The race began in the Champs Elysées and made its way through the city to the Bois de Vincennes in the east before coming back to the Bois de Boulogne in the west and the finish in Avenue Foch.
At the start, the runners take up position in the Champs Elysées in groups based upon their expected finish times.
The Handisport athletes, led by the Handisport fauteuil, the wheelchair competitors, set off some ten minutes ahead of the main field followed by the Handisport debout, the Handisport runners.
Next comes a convoy of the Gendarmerie on motorcycles followed by official cars, the lead timing car and a truck full of press photographers and TV crews.
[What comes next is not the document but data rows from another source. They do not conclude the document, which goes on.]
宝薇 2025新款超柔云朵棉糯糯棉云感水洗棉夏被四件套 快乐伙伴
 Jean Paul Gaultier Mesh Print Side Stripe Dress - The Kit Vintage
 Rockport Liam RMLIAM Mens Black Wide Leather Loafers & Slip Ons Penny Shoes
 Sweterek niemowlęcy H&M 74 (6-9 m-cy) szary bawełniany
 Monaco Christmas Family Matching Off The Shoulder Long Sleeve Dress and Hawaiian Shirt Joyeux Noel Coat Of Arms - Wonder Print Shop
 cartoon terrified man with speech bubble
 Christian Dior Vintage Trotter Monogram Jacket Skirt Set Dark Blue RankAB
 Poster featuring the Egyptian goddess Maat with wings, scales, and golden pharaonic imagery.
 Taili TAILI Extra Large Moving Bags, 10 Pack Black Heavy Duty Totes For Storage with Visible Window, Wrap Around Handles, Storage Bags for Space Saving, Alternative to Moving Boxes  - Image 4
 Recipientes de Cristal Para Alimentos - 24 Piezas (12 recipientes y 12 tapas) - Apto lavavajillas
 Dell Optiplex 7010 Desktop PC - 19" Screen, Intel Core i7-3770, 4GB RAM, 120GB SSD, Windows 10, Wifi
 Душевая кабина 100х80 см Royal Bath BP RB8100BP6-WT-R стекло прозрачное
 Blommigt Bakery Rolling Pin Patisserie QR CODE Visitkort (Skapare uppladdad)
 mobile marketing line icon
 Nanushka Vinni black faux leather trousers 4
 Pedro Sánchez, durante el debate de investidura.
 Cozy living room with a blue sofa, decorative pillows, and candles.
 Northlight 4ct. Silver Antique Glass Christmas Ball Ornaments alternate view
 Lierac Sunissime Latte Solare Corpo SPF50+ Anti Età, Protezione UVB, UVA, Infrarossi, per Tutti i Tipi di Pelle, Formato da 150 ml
The France Televisions helicopter hovers overhead.
In the convoy’s wake come the elite runners followed by the préférentials, the best of the rest.
The elite runners
In amongst the following pack, the leading women runners appear, including Visiline Jepkesho, in the yellow vest and blue shorts in the picture below, who went on to win the women’s race.
After that, the runners appear in successive waves based upon their expected finish time.
This year, as in previous years, I recorded the sounds of the Paris Marathon from the one-mile post in Rue de Rivoli. I record from here because the runners are still reasonably well bunched up at this point and I’m able to capture the sounds of all the 41,317 runners and their footsteps passing by. This year it took a little over two hours for all the runners to pass me and I recorded the sounds of every one of them.
Paris Marathon 2016:
Although my original recording is over two hours long, I’ve edited it down for this blog to a 20 minute ‘time-lapse’ sound piece, which begins with the wheelchair athletes passing followed by the elite runners and then sounds from each of the following waves of runners.
This year, Cybrian Kotut from Kenya won the men’s race in a personal best time of 2 hours 7 minutes and 13 seconds and for the women, Vaseline Jepkesho, also from Kenya, won in a time of 2 hours 25 minutes and 53 seconds. This meant that Cybrian Kotut crossed the finish line before the last of the runners passed me one mile from the start!
France fielded most runners for this year’s marathon followed by the United Kingdom and the United States. A quarter of the runners were women who weighed in with an average age of 40 and for the men, the average age was 41.
Along with 47 defibrillators and 380 massage therapists, physical therapists, podiatrists and chiropractors; 23 tons of bananas, 16 tons of oranges, 7 tons of apples, 412,500 sugar cubes and 482,000 bottles of Vittel were deployed around the course.
And while most of the runners found it hard going, some managed to negotiate the course in luxury.
The last runner to complete the course finished in a time of 8 hours 11 minutes and 31 seconds.
And spare a thought for the last two runners to leave the Champs Elysées both of whom passed me at the one-mile point comfortingly close to two ambulances.